[Dataset records]
BEGIN
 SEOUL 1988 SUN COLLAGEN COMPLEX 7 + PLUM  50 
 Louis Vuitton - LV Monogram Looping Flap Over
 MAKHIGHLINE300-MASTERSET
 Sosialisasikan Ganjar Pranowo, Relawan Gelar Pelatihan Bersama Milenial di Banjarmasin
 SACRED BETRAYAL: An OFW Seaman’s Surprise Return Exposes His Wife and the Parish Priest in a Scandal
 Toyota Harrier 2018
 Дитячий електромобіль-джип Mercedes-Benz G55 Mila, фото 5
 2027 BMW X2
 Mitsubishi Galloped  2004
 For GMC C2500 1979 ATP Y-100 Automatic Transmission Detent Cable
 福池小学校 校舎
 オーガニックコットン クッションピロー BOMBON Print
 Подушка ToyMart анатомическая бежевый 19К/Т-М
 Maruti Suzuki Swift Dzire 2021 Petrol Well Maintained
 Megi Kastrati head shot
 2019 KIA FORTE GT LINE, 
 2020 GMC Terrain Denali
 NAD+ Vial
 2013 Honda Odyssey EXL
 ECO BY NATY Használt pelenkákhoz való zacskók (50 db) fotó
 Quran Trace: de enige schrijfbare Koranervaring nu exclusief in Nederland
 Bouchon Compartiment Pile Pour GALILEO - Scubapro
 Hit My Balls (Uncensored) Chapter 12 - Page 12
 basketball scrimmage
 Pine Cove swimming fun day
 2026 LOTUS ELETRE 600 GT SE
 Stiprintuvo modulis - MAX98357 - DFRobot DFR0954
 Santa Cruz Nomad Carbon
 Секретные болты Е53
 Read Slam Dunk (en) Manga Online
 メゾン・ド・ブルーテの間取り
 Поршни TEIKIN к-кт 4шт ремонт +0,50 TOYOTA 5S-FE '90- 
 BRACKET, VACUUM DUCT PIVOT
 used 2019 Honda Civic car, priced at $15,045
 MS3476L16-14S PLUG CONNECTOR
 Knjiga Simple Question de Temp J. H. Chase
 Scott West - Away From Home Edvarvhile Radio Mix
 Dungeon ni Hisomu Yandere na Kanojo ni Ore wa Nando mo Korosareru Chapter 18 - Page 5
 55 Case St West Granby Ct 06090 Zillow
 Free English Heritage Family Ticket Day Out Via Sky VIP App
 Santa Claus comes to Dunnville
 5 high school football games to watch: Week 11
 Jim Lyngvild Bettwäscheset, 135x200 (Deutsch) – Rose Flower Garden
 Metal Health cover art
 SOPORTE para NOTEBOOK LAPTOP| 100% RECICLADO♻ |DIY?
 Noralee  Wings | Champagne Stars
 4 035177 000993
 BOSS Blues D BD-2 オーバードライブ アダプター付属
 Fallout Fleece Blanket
END
■ WHAT IS REQUIRED: Lines with the word "Honda": how many appear in the data? State only the number.

■ EXERCISE RESULT: 2